I simplified what i wrote. There is an off accelerator memory where the embeddings are stored and queried at inference time, i did not want to get into details. That is how you reduce the in memory RAM. There are definitely more things going on in the paper as it builds upon the concept I described. The central idea remains the same: you have input embedding layers which map text to continuous vectors. Instead of loading all these layers at runtime, you can break it per layer at training time, and then fetch the required ones from a separate store during inference. Would not be in RAM. Per layer is not mentioned in the paper. But surely it's not a great leap from the paper itself?
The name "per-layer embeddings" is all we have to go on, and there are currently no published papers (that I'm aware of) using any similar mechanism, so, yes, it's a huge leap from a paper that doesn't mention per-layer anything.
It's fine to speculate based on the name, but don't pretend that it's a known technique when it clearly isn't.
Someone [1] inspected dimensions of the embedding component of model and it seems GP was on the right track.
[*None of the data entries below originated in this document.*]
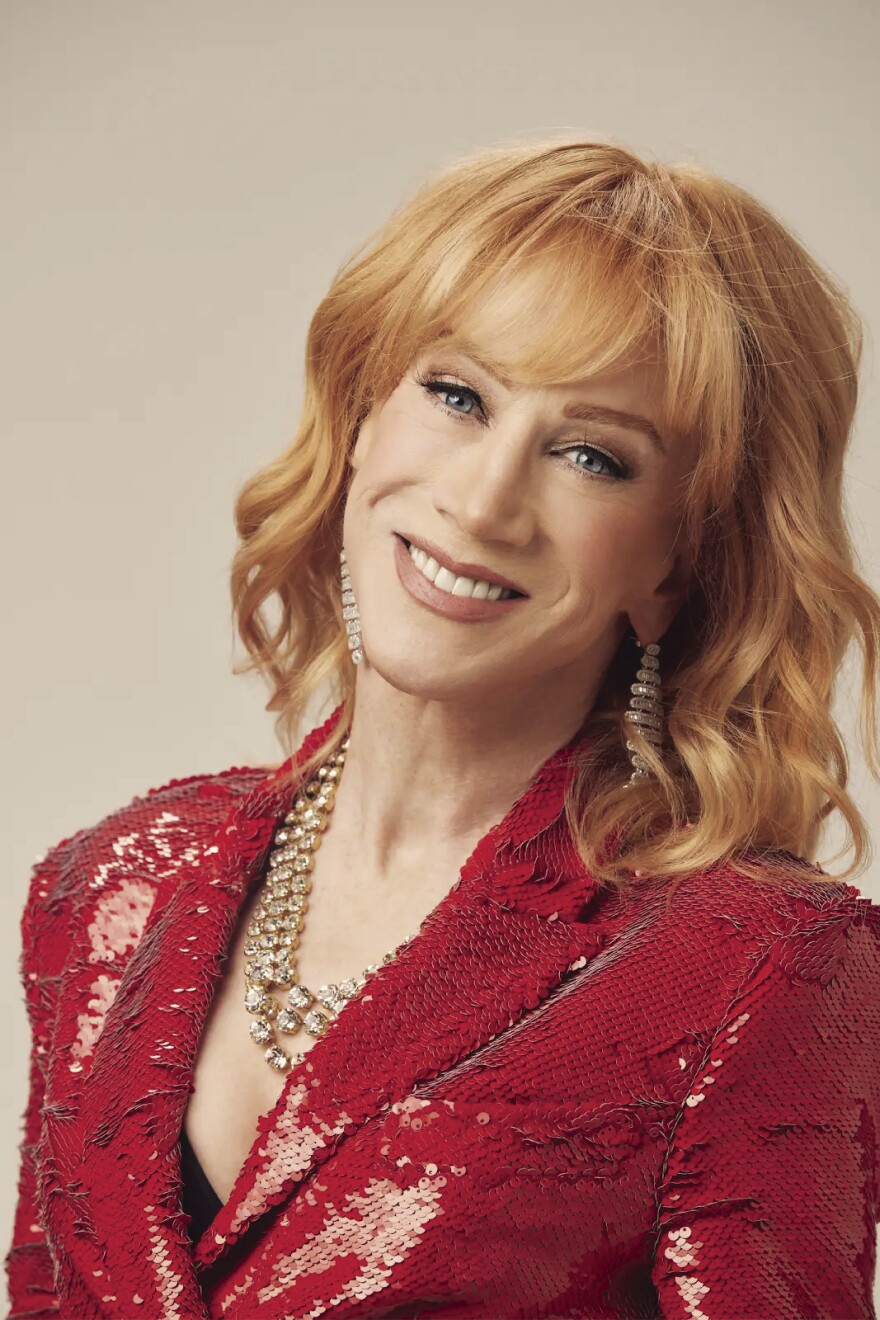 Woman with red hair, wearing red dress, smiles at camera.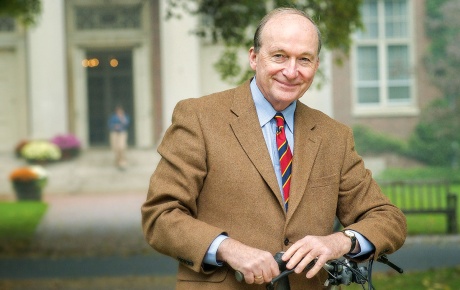 Image of Eric Widmer in a suit and tie smiling in front of a campus building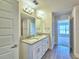 Bathroom with dual sinks, granite counters and modern fixtures, offering luxury and functionality at 4682 Grandview Glen Dr, Auburndale, FL 33823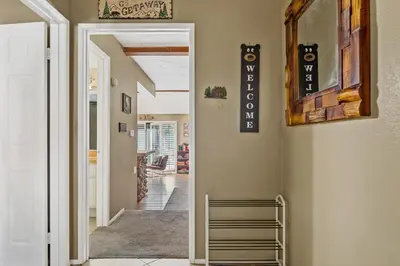 a hallway of a home with a stairwell at BIg Bear G5 Getaway in Big Bear Lake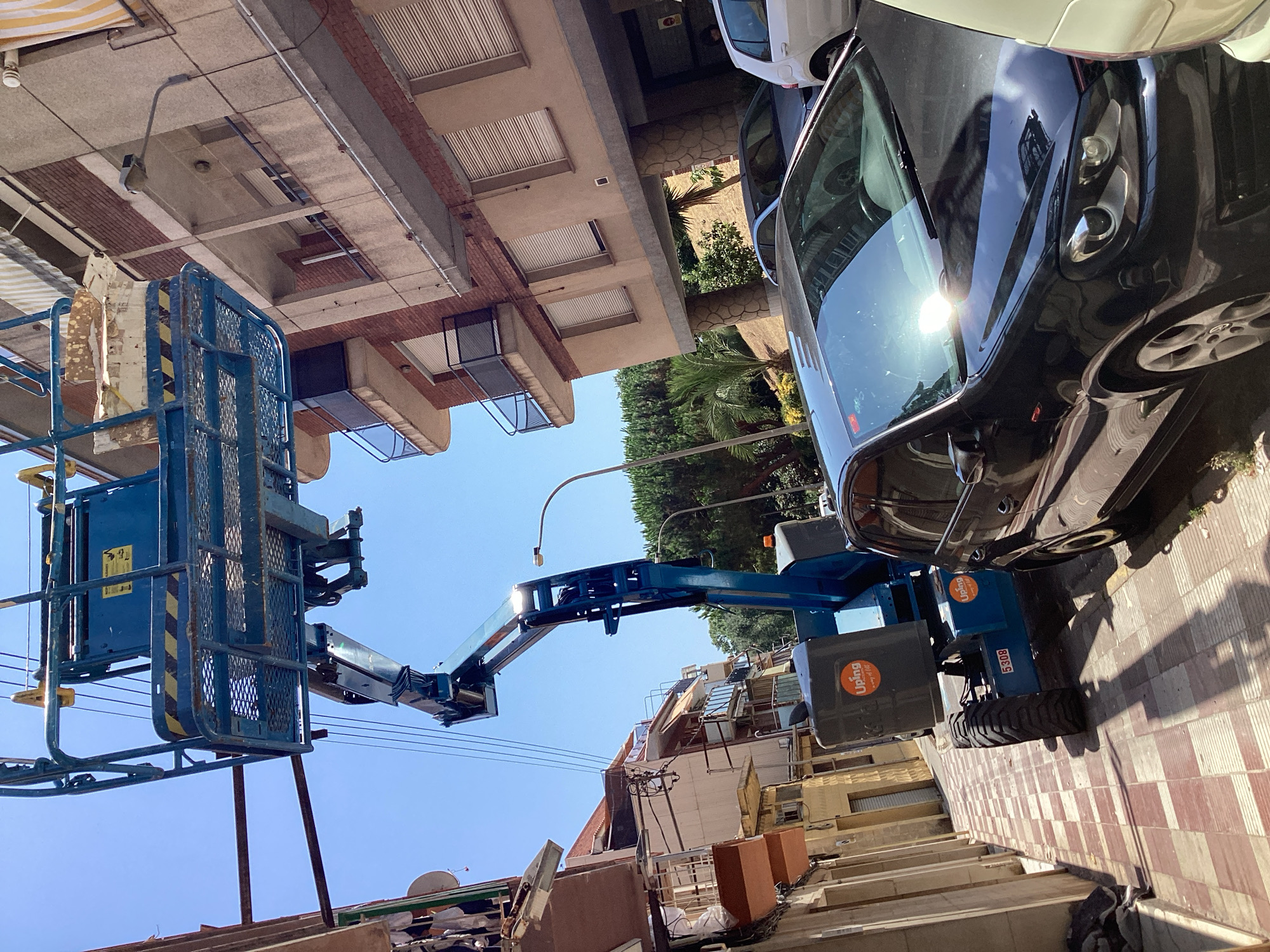 In Blanes, Spain, a blue aerial work platform is parked on a sidewalk, its boom extended towards a building. The platform is positioned next to a black Volkswagen Golf. The sidewalk is paved with red and white square tiles, and shadows from the platform and buildings are cast across it. In the background, a multi-story building with brick and concrete facades stands, featuring balconies and windows with closed blinds. Trees and greenery are visible behind the building, and the sky is clear and blue. The scene appears to be a street in a residential or commercial area, possibly during daytime work or maintenance.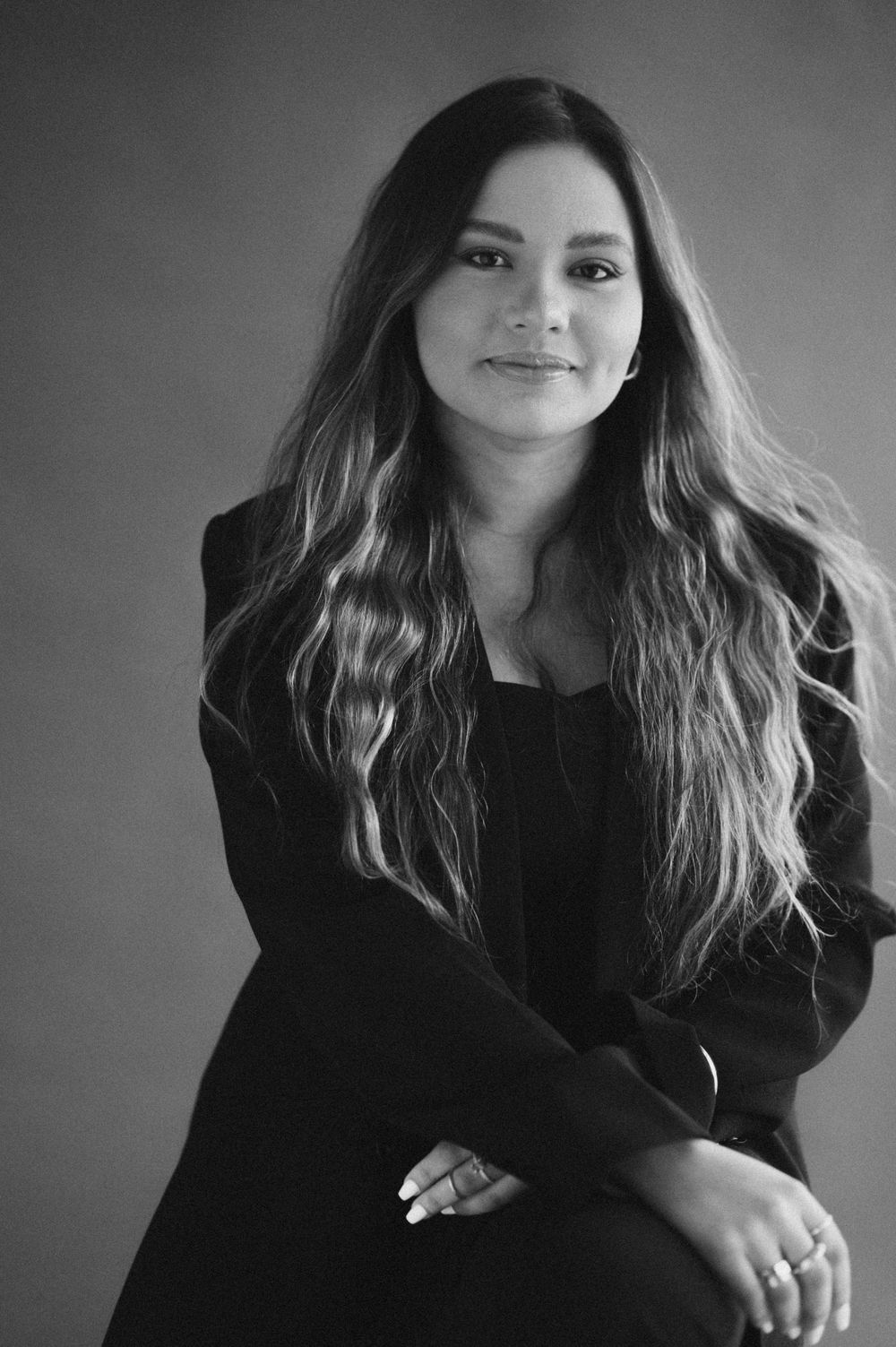 Woman in black blazer with long wavy hair poses confidently in a professional black and white portrait photo.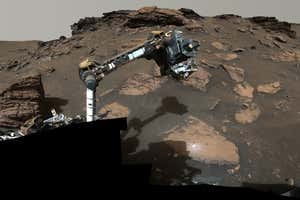 NASA?s Perseverance rover puts its robotic arm to work around a rocky outcrop called ?Skinner Ridge? in Mars? Jezero Crater. Composed of multiple images, this mosaic shows layered sedimentary rocks in the face of a cliff in the delta, as well as one of the locations where the rover abraded a circular patch to analyze a rock?s composition. Credits: NASA/JPL-Caltech/ASU/MSSS
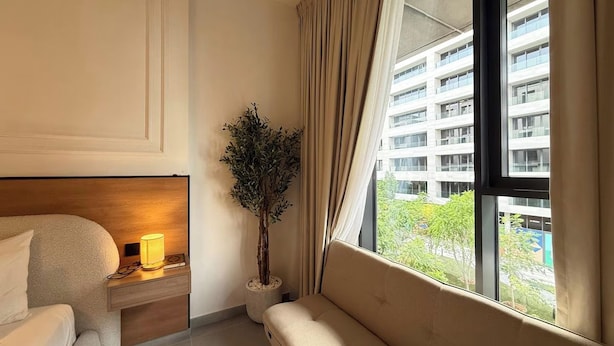 A hotel room with a bed, bedside table with a lamp, a potted plant, a sofa, and a window with curtains. - Maison Sahab - Stylish Studio in Tiraz Building (Sharjah)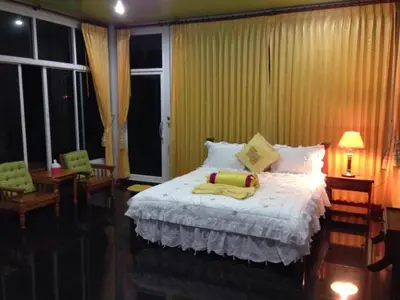 a bedroom with a white bed with two towels on it at Sairougn Seaview Hotel in Ban Ko Kwang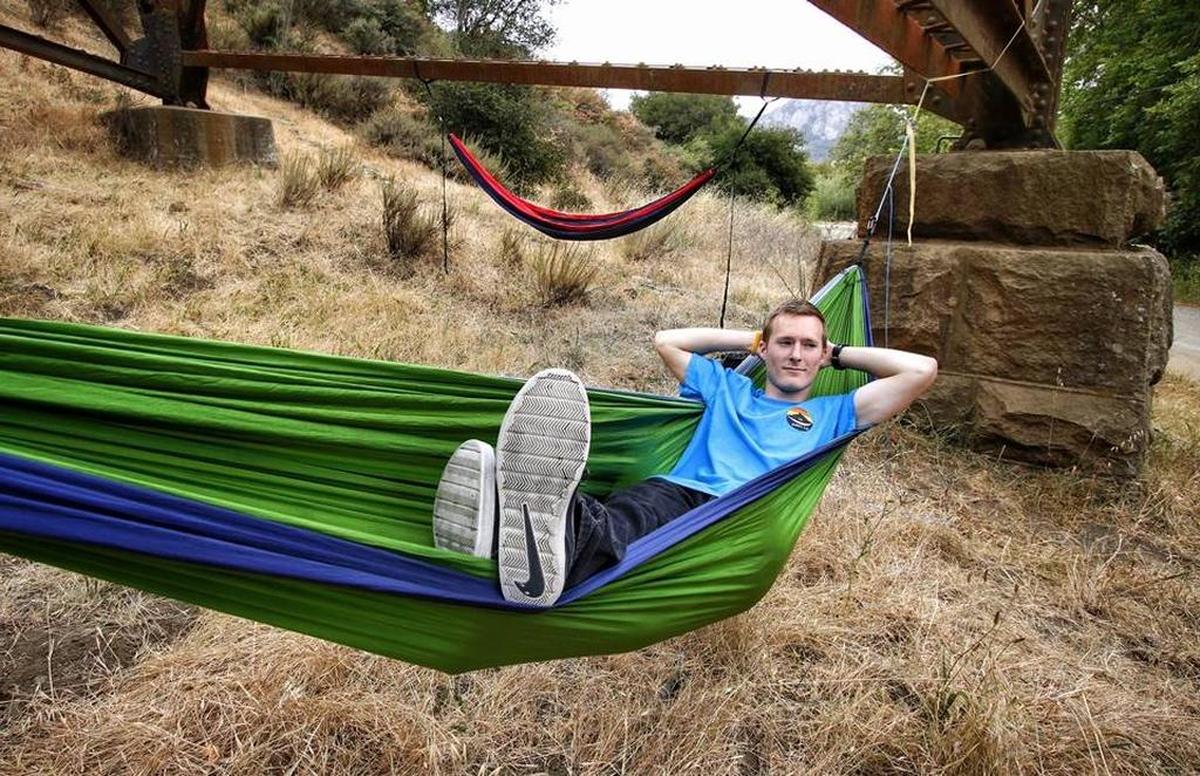 Carter Wilson, president and founder of the Cal Poly Hammock Club, relaxes in his hammock under the train trestle at Cal Poly.
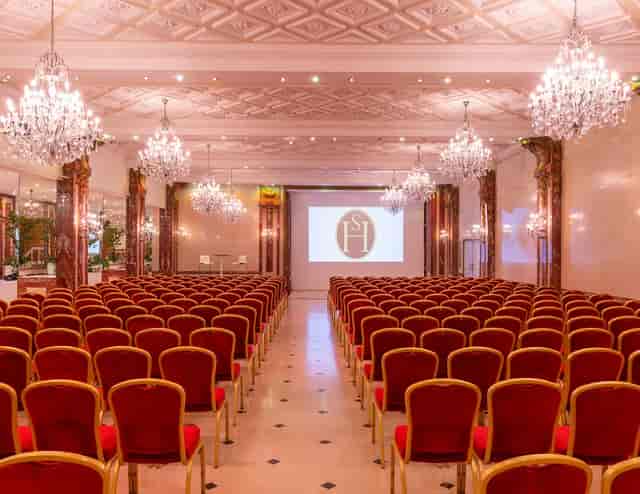 Elegant conference room with chandeliers, ideal for corporate events and presentations.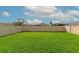 Spacious backyard featuring a well-maintained lawn and privacy fence at 5743 Bungalow Grove Ct, Palmetto, FL 34221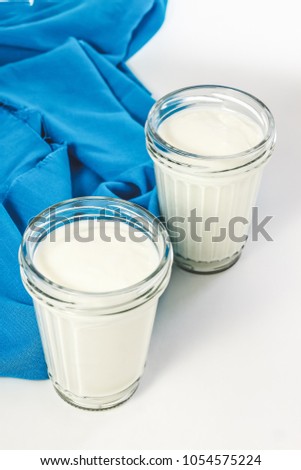 Yoghurt, cream, sour cream in a glass jar and a spoon on a napkin isolated on white background.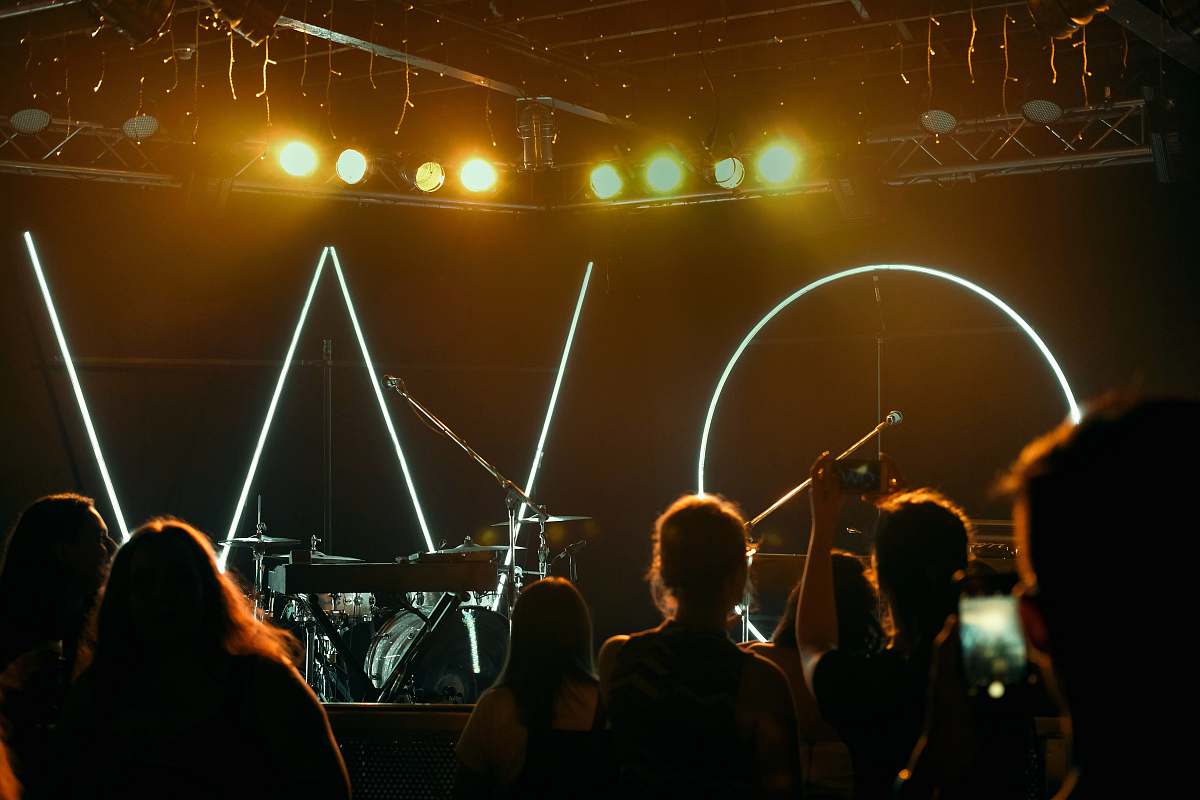 human people watching concert on stage person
Assuming I understood correctly in [2], it does seem to be the embedding of the input tokens which is passed directly into each layer.
I have not looked at the model but since the embedding dimension of 256 seems quite small (for reference according to [3] the old Gemma 1B had 1152 dimension input embedding), I'm guessing that this is not done _in lieu_ of the main input embedding to first layer, but in addition to it.
At a very high level, instead of having embeddings at the input layers, this method keeps the embeddings at the layer level. That is every transformer layer would have its own set of learnable embedding vectors that are used to modify the processed hidden states flowing through the network. Mostly, the embeddings are precomputed and stored separately. They are queried at inference time and has very low latency, so you can get comparable performance with half the RAM. (i am not exactly sure how 3n is doing it, but talking it in a general sense).